[[ Material for the task, beginning ]]
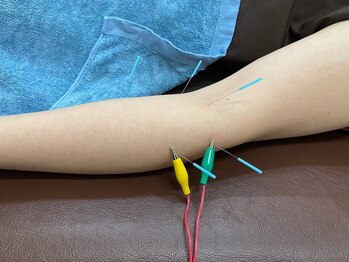 五反田駅前鍼灸整体院/電気鍼施術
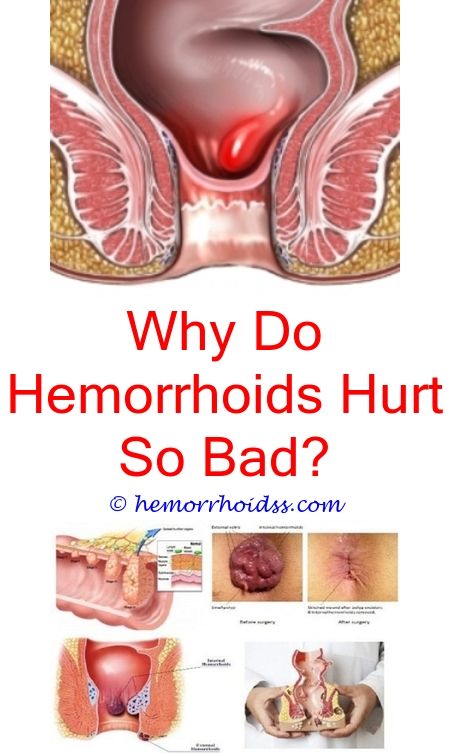 Can You Pop A Hemorrhoid Like A Pimple?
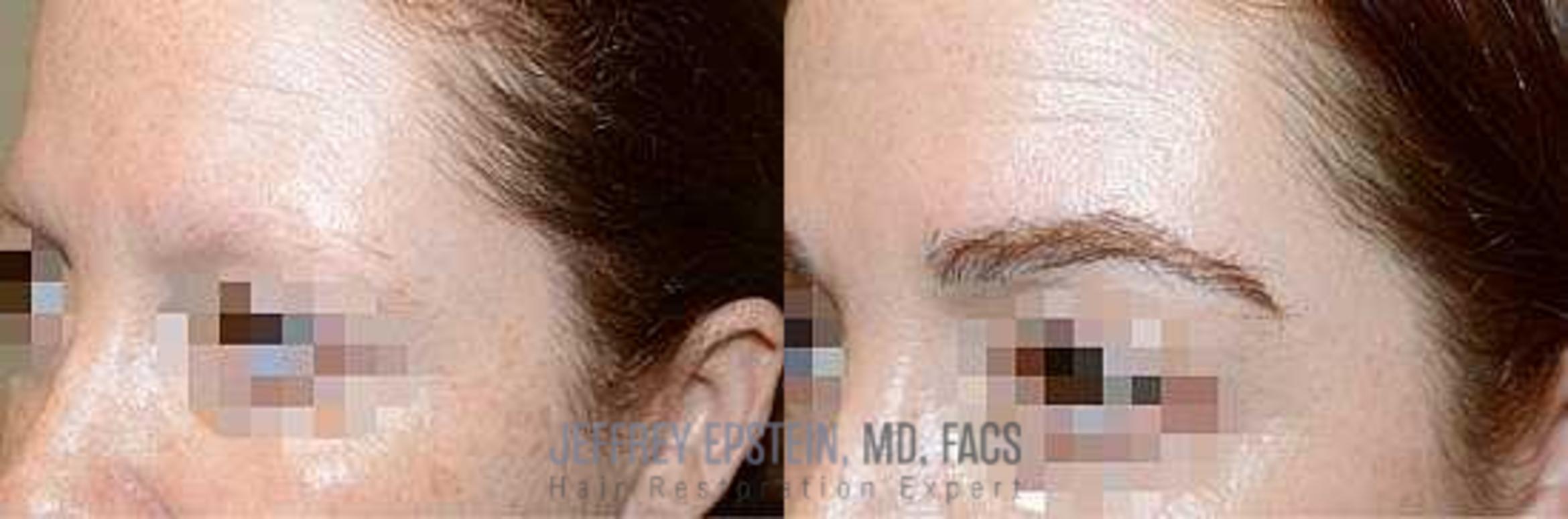 Before & After Hair Transplants For Women Case 206 View 3 View in Miami, FL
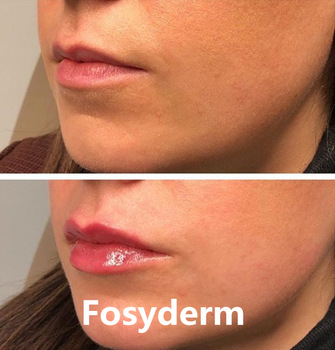 Cross Linked Hyaluronate Acid Dermal Lip Filler 1ml 2ml 10ml Lip Enhancement Injection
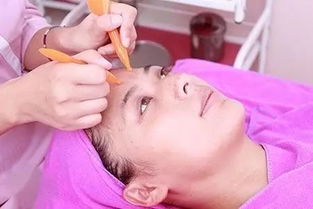 面部拔筋注意事項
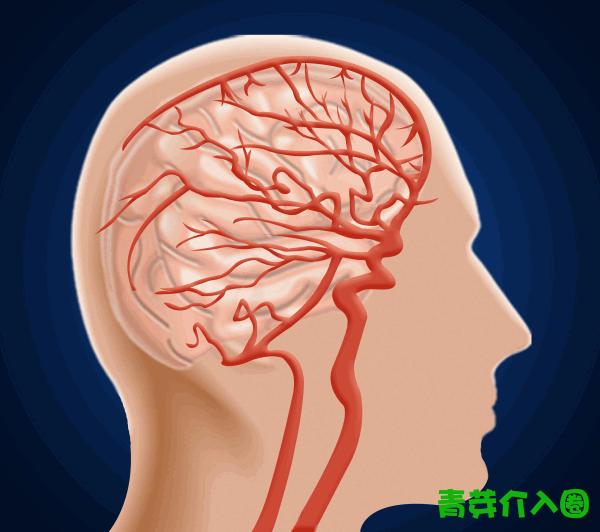 颅内动脉瘤介入栓塞支架全过程,颅内夹层动脉瘤介入演示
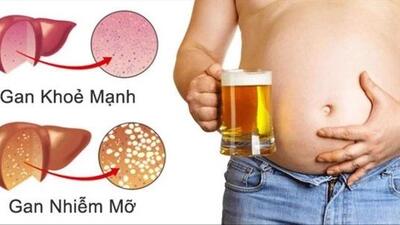 Rượu, bia: “kẻ thù thầm lặng” đang bào mòn gan và hệ tim mạch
[[ Material for the task, end ]]
**Task statement**. Retype every entry exactly as written. Leave the pictures out.

**Response**.
 五反田駅前鍼灸整体院/電気鍼施術
 Can You Pop A Hemorrhoid Like A Pimple?
 Before & After Hair Transplants For Women Case 206 View 3 View in Miami, FL
 Cross Linked Hyaluronate Acid Dermal Lip Filler 1ml 2ml 10ml Lip Enhancement Injection
 面部拔筋注意事項
 颅内动脉瘤介入栓塞支架全过程,颅内夹层动脉瘤介入演示
 Rượu, bia: “kẻ thù thầm lặng” đang bào mòn gan và hệ tim mạch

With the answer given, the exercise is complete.